Ethiopian literary culture carries with it a treasure trove of scribal and intellectual history, and for this reason Ethiopian works continue to attract the attention of book historians, linguists, and religion scholars. This is not only because Ethiopia is one of the few remaining nations to maintain an active manuscript and scribal culture based on traditional production methods, but also because Ethiopia has preserved books—sometimes lost, or unknown, or censored in the West—by translating them into Ge'ez.

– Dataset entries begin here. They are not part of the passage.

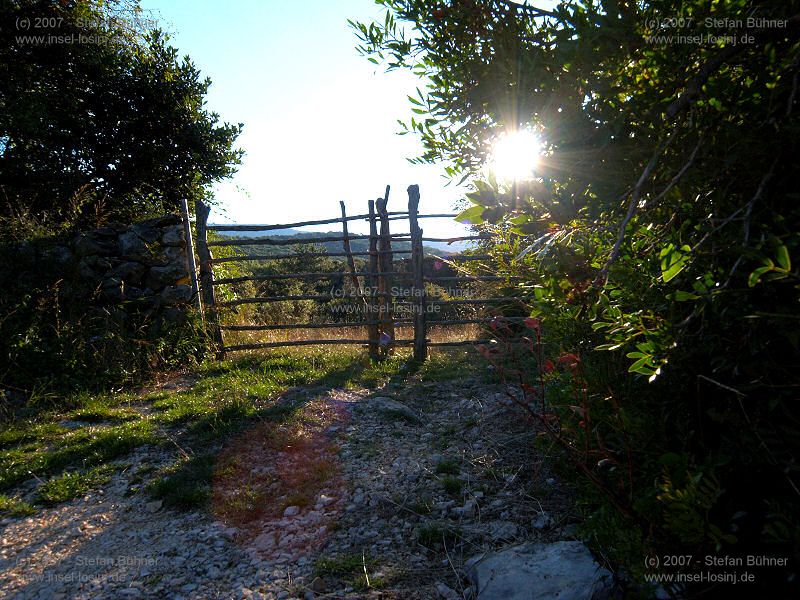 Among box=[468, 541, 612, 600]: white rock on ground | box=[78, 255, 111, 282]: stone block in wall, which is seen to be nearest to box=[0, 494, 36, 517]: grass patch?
box=[468, 541, 612, 600]: white rock on ground

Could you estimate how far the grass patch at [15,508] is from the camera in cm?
311

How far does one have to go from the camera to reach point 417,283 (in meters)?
6.69

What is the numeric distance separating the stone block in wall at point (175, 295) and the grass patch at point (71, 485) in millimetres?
3361

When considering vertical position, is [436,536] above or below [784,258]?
below

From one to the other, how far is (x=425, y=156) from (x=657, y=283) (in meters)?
0.87

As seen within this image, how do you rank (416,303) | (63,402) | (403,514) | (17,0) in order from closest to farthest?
(403,514) → (63,402) → (416,303) → (17,0)

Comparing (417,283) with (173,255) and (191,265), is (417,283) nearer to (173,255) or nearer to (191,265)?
(191,265)

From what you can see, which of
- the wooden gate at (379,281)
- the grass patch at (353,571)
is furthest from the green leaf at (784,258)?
the wooden gate at (379,281)

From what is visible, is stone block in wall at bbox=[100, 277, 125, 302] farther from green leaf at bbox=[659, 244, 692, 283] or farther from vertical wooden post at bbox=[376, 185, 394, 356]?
green leaf at bbox=[659, 244, 692, 283]

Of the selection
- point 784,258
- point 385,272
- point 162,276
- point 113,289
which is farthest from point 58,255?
point 784,258

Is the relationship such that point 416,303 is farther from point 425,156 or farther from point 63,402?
point 425,156

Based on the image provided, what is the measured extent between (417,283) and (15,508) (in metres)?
4.71

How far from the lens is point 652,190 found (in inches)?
54.6

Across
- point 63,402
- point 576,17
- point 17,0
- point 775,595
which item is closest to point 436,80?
point 576,17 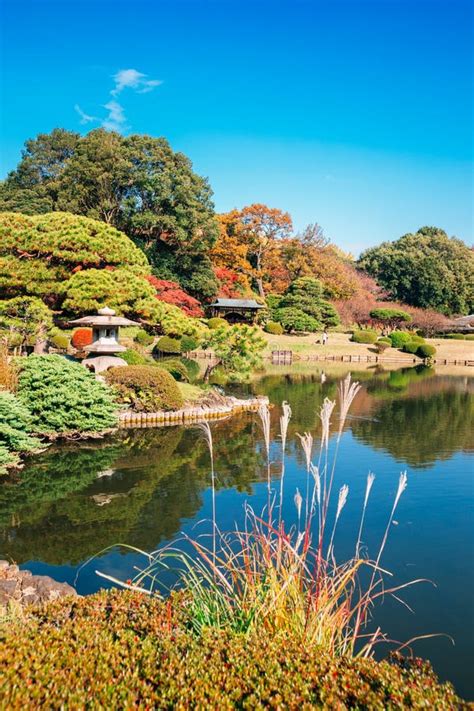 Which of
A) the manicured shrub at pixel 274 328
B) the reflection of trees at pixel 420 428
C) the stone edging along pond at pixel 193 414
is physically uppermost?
the manicured shrub at pixel 274 328

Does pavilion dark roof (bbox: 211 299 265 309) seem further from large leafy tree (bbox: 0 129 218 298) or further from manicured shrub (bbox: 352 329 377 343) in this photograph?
manicured shrub (bbox: 352 329 377 343)

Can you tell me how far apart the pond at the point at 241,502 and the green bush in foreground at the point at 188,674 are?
6.96 ft

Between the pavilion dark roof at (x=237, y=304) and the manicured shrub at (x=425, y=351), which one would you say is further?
the pavilion dark roof at (x=237, y=304)

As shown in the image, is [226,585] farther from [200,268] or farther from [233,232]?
[233,232]

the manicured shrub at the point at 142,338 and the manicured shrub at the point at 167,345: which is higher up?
the manicured shrub at the point at 142,338

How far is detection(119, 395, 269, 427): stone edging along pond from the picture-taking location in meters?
12.8

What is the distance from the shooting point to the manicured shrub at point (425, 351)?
3328 cm

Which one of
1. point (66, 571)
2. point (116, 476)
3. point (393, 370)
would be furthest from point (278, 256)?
point (66, 571)

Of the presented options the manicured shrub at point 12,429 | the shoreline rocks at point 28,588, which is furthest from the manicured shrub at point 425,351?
the shoreline rocks at point 28,588

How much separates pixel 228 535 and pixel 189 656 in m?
3.93

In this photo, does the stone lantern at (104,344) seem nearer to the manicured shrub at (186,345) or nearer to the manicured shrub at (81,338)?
the manicured shrub at (81,338)

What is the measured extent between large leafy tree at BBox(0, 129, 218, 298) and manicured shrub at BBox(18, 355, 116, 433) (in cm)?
2401

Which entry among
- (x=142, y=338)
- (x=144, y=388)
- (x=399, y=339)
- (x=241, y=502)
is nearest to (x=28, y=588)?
(x=241, y=502)

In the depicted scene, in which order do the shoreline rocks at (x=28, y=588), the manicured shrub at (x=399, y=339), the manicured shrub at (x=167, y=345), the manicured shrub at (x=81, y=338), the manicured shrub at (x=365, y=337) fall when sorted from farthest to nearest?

The book of Enoch is perhaps the most well-known rediscovered in the West, but scholars are continually rediscovering works once lost or forgotten in this literary corpus.

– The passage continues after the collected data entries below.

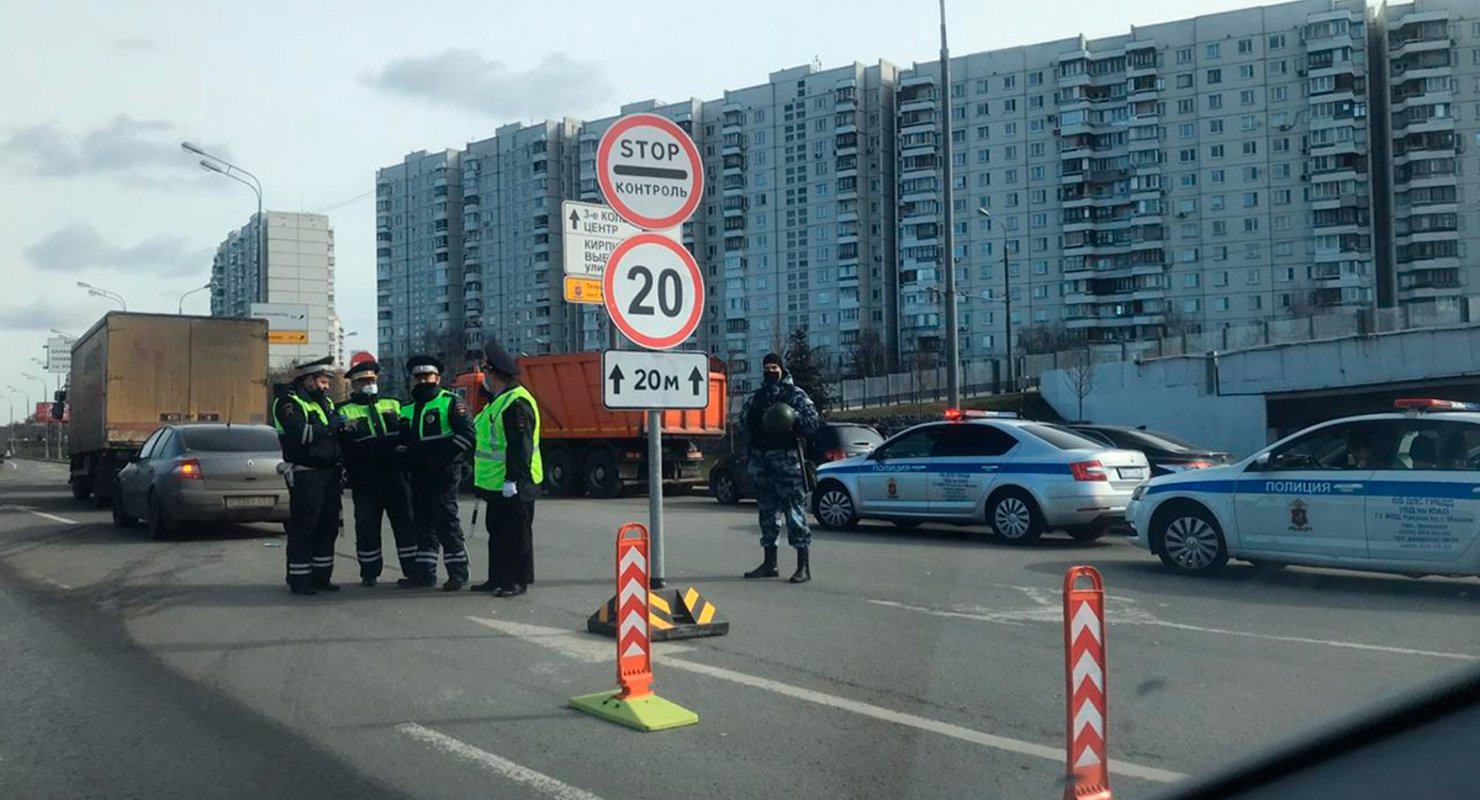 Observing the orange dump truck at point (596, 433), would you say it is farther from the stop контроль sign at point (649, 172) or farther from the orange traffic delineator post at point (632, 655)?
the orange traffic delineator post at point (632, 655)

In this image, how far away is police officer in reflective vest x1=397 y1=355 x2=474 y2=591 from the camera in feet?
32.6

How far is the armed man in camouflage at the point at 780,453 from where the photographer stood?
10445mm

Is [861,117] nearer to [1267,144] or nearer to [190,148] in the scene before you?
[1267,144]

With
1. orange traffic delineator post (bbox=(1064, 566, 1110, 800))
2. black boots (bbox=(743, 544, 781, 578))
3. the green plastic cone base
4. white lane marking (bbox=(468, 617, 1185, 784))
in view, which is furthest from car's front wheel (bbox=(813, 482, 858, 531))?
orange traffic delineator post (bbox=(1064, 566, 1110, 800))

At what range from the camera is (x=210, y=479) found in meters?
14.3

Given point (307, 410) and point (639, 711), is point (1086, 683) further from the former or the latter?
point (307, 410)

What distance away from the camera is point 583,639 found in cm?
802

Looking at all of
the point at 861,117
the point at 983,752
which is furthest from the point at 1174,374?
the point at 861,117

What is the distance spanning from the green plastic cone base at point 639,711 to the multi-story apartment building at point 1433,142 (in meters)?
81.2

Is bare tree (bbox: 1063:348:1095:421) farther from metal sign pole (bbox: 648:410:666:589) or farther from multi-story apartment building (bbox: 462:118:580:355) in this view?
multi-story apartment building (bbox: 462:118:580:355)

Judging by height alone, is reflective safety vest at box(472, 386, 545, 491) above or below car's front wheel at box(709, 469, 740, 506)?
above

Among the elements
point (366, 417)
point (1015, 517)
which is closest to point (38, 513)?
point (366, 417)

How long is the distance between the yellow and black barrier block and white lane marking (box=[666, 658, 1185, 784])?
1.74ft

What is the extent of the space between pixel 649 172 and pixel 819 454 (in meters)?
12.8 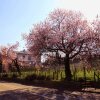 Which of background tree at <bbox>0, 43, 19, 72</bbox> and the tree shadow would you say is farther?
background tree at <bbox>0, 43, 19, 72</bbox>

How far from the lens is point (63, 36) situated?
34.0 m

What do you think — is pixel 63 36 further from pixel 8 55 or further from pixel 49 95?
pixel 8 55

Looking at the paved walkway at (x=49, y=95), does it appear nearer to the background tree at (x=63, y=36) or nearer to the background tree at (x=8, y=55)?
the background tree at (x=63, y=36)

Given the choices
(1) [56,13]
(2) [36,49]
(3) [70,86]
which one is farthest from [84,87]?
(1) [56,13]

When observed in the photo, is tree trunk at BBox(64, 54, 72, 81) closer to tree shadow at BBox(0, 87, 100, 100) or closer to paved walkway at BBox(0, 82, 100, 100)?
paved walkway at BBox(0, 82, 100, 100)

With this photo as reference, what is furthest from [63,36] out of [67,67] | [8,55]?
[8,55]

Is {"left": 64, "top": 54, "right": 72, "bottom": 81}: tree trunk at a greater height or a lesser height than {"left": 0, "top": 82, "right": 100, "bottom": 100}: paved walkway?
greater

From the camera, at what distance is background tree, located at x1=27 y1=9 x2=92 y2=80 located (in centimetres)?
3356

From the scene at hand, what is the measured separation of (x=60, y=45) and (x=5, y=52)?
32073 millimetres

Ethiopian manuscript production and preservation occurs traditionally in the nation’s monasteries and churches, and the vast majority of the works contained in this collection are comprised of religious books that reflect the attending concerns of these institutions. Both Ethiopian Jews and Christians trace the etiological roots of their respective traditions to the legendary encounter of King Solomon and the Queen of Sheba, the fullest account of which is developed in the Kəbrä Nägäśt, or The Glory of the Kings. It is this complex blending of biblical legend with the cultural and religious history of the region that has left an indelible imprint on its literary and cultural heritage. The famous monoliths of Lalibela, for example, were constructed in the 12th century to create a ‘New Jerusalem’; and the Ark of the Covenant, containing the stone tablets of divine revelation inscribed by Moses, are traditionally believed to be kept in safekeeping under the auspices of Orthodox Tewahedo Church in Axum, Ethiopia’s holiest city.

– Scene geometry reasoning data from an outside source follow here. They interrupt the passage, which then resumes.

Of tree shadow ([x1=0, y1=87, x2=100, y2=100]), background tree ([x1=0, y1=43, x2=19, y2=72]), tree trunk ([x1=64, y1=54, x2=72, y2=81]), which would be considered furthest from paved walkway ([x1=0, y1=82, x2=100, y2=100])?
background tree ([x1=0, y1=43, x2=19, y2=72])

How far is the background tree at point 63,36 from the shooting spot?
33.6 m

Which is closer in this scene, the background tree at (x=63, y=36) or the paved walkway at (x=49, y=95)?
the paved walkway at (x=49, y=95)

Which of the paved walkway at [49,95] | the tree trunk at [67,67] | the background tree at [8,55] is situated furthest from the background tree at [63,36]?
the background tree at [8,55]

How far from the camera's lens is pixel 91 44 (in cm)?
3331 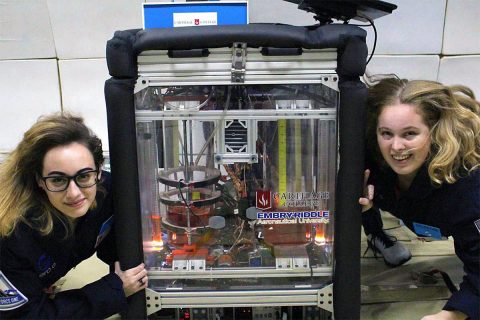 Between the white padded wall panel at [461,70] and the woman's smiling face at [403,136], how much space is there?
1.16 m

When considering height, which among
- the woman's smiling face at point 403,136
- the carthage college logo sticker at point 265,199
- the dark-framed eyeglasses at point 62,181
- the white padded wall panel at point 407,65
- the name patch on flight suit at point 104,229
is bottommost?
the name patch on flight suit at point 104,229

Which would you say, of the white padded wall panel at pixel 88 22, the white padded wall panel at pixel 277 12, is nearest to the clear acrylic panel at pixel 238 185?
the white padded wall panel at pixel 277 12

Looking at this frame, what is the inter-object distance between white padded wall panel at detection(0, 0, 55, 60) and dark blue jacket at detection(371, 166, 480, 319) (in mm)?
1849

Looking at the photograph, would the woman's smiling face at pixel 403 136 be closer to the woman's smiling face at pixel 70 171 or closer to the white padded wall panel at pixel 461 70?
the woman's smiling face at pixel 70 171

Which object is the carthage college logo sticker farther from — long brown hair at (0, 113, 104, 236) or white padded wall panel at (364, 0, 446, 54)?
white padded wall panel at (364, 0, 446, 54)

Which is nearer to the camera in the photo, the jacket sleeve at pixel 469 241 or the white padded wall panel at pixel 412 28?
the jacket sleeve at pixel 469 241

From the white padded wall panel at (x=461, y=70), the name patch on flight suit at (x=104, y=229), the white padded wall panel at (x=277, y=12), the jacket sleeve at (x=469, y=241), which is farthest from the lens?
the white padded wall panel at (x=461, y=70)

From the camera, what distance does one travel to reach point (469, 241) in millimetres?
1207

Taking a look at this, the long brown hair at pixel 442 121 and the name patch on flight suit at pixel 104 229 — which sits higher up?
the long brown hair at pixel 442 121

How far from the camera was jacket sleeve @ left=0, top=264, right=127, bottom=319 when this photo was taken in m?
1.11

The works presented in the Digital Library provide a ranging sample of these types of literature produced in these contexts, and reflect this vast and fascinating history. Three bibles have been digitised: Add. 1570, an Old Testament; Or. 1802, a Gospels book; and Or. 2269, a copy of the Gospel of John. The Old Testament Add. 1570 is of particular interest because of its size, artistry, and textual history. It was assembled by at least 10 scribes, likely in a royal scriptorium, and rather than commencing with Genesis’ “In the beginning...”, this Old Testament begins instead with the book of Enoch, an originally Jewish apocalyptic work written in the 3rd c. BCE. Or. 1878 contains a copy of the Testament of Abraham, Isaac, and Jacob; these are pseudepigraphic works about the lives of the biblical Patriarchs, shared and transmitted by both the Beta Israel and Christian communities. Or. 2122 is a law book originally compiled in 1240 CE by the Coptic Egyptian Christian writer 'Abul Fada'il Ibn al-'Assal in Arabic and later translated into Ge'ez in Ethiopia. Add. 1569 is comprised of patristic works translated from Greek in the mid-first millennium and offers a unique witness to a number of otherwise lost patristic works. Or. 1885 is a collection of prayers, apotropaisms, and incantations, an important component of traditional medicine and magic. Add. 1888.1-2, Add. 1889, and Add. 3682 are service books that attest to the lively engagement of professional and laypersons with these traditions. And finally, while very fragmentary, Add. 1888.1-2 have been included because they are dated to the 14th c., the oldest Ge'ez in the collection.